2. Les Etats-Unis ne sont pas satisfait de l’Amérique Latine
Malheureusement, les Etats-Unis ont
toujours considéré l’Amérique Latine comme leur « arrière-cour », où
ils peuvent faire ce que bon leur semble. Sur ce point, les positions du
président Obama n’ont pas changé. Leurs interventions armées désastreuses en
Irak, en Afghanistan, Lybie, Syrie offrent un répit à l’Amérique Latine, mais
jusqu'à quand ? Plusieurs signaux de leur volonté de reprendre les choses
en main démontrent que les Etats-Unis restent très actifs.
-
Le
gouvernement nord-américain est en désaccord avec les changements qui
affectent l’Amérique Latine en ce moment et ils ne restent pas les bras croisés
-
Les
coups d’état au Honduras et au Paraguay sont les signaux de leur
volonté de domination continentale.
-
Il y
a également les bases militaires que leur ont conférées les gouvernements de
Colombie et du Panama.
-
La
réactivation de sa Flotte Navale du Sud afin de contrôler le centre et le sud du
continent, avec leurs 20 bases navales dans toute l’Amérique Latine, en est une
autre illustration.
-
Les
accusations répétées particulièrement à l’encontre du Venezuela, mais également
de l’Équateur, et qui les qualifient de pays collaborateurs avec la guérilla
des FARC (Forces Armées Révolutionnaires de Colombie), avec le trafic de
drogues et le blanchiment d’argent sale.
3. Les ONG alliées des pays du Nord
Dans les pays latino-américains, circulent
également des millions de dollars destinés à contrecarrer les orientations
actuelles de la majorité des pays latino-américains. Les ONG (Organisations Non
Gouvernementales) en sont les principaux bénéficiaires : elles réalisent
un travail de conscientisation pro-Etats-Unis et pro-Européen en apportant leur
soutien à différents groupes d’opposition aux gouvernements progressistes.
Soyons clair : l’aigle du nord tient à l’œil sa proie
préférée, c’est-à-dire, nous, la latino-américains.
C. LES PROPOSITIONS INDIGÈNES DU “SUMAK KAWSAY”,
LE BIEN VIVRE
C’est en Bolivie
où l’utopie indigène du « sumak kawsay », le Bien Vivre, se manifeste
le plus clairement. Ce n’est pas un bien-être meilleur tel que l’entend le
développement du Nord, et cela ne signifie pas non plus « apporter la
bonne vie ». Le Chancelier bolivien David Choquehuanca dit :
« Vivre bien signifie se compléter et non pas être en compétition,
partager et ne pas profiter de notre voisin, vivre en harmonie avec les
personnes et la nature… Dans le Vivre Bien, le plus important n’est pas la
personne individuelle.

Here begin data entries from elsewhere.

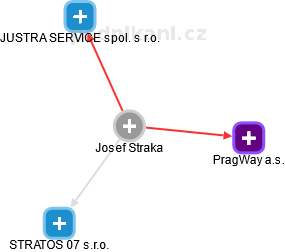 Josef Straka - Vizualizace  propojení osoby a firem v obchodním rejstříku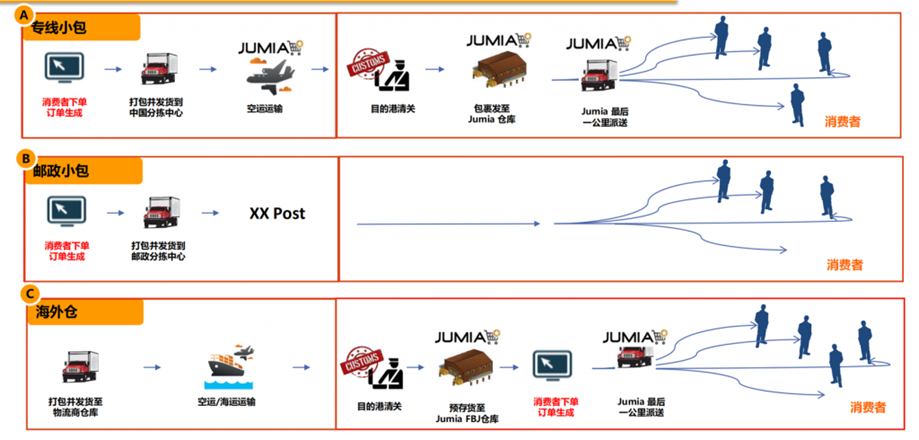 Jumia该如何发货 Jumia可以发什么快递具体介绍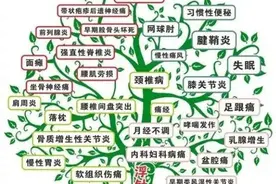 【患者福音】浮针！落户聊城市第二人民医院康复医学科了！图片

Le plus important, c’est la communauté ». Nous
sommes loin du modèle occidental basé sur « le développement », et même
du modèle socialiste, qui est principalement individualiste et matérialiste. Un
indigène panaméen disait : « Ce développement m’appauvrit ».
- L’échec du développement et du progrès capitalistes
Il n’est pas
nécessaire de donner beaucoup d’explications pour comprendre cet échec
retentissant.
-
Il
suffit d’observer la façon dont augmente la misère sur la planète,
« aussi bien quantitativement que qualitativement » : les
pauvres sont de plus en plus pauvre et chaque fois plus nombreux, malgré les
incessants plans proposés par les organismes internationaux visant à lutter
contre la misère.
-
Les plans
de développement se sont principalement limités à promouvoir un
bien-être individualiste et une croissance matérielle. Et l’on ne sort pas de
ce schéma en ajoutant de nouveaux qualificatifs : développement
« humaniste, vert, durable, harmonieux, … ». C’est le même remède,
avec des colorants différents : ce n’est rien de plus qu’un colonialisme
déguisé.
-
Le socialisme
latino-américain du 21ème siècle ne suit pas le chemin
visant à conserver les options occidentales de la révolution française :
« dignité et non liberté, communauté et non fraternité, équité et non égalité ».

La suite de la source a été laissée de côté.